» **EXERCISE DESCRIPTION**
Every entry is to be returned verbatim.

EXTRACTED RECORDS section start

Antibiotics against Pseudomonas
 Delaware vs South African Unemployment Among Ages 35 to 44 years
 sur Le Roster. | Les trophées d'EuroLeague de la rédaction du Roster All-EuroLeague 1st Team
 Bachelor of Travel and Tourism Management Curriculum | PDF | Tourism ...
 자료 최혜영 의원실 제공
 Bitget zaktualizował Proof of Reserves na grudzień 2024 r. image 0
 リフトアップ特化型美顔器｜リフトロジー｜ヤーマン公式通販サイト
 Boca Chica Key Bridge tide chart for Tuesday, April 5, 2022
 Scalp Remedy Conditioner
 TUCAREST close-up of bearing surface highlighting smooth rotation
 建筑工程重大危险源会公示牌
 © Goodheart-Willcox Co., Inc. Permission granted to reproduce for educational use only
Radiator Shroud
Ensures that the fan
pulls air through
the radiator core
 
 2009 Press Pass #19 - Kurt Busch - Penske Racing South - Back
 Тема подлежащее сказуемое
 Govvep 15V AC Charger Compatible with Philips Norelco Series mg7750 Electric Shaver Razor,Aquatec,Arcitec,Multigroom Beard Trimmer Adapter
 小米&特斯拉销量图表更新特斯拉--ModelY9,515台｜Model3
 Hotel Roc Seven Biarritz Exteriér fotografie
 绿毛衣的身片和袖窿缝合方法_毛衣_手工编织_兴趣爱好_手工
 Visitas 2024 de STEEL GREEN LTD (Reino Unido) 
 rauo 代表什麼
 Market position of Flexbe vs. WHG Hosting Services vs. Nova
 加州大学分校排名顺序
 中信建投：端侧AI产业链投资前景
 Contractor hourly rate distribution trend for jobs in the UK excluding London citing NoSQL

EXTRACTED RECORDS section end

» **YOUR RESPONSE**
Antibiotics against Pseudomonas
 Delaware vs South African Unemployment Among Ages 35 to 44 years
 sur Le Roster. | Les trophées d'EuroLeague de la rédaction du Roster All-EuroLeague 1st Team
 Bachelor of Travel and Tourism Management Curriculum | PDF | Tourism ...
 자료 최혜영 의원실 제공
 Bitget zaktualizował Proof of Reserves na grudzień 2024 r. image 0
 リフトアップ特化型美顔器｜リフトロジー｜ヤーマン公式通販サイト
 Boca Chica Key Bridge tide chart for Tuesday, April 5, 2022
 Scalp Remedy Conditioner
 TUCAREST close-up of bearing surface highlighting smooth rotation
 建筑工程重大危险源会公示牌
 © Goodheart-Willcox Co., Inc. Permission granted to reproduce for educational use only
Radiator Shroud
Ensures that the fan
pulls air through
the radiator core
 
 2009 Press Pass #19 - Kurt Busch - Penske Racing South - Back
 Тема подлежащее сказуемое
 Govvep 15V AC Charger Compatible with Philips Norelco Series mg7750 Electric Shaver Razor,Aquatec,Arcitec,Multigroom Beard Trimmer Adapter
 小米&特斯拉销量图表更新特斯拉--ModelY9,515台｜Model3
 Hotel Roc Seven Biarritz Exteriér fotografie
 绿毛衣的身片和袖窿缝合方法_毛衣_手工编织_兴趣爱好_手工
 Visitas 2024 de STEEL GREEN LTD (Reino Unido) 
 rauo 代表什麼
 Market position of Flexbe vs. WHG Hosting Services vs. Nova
 加州大学分校排名顺序
 中信建投：端侧AI产业链投资前景
 Contractor hourly rate distribution trend for jobs in the UK excluding London citing NoSQL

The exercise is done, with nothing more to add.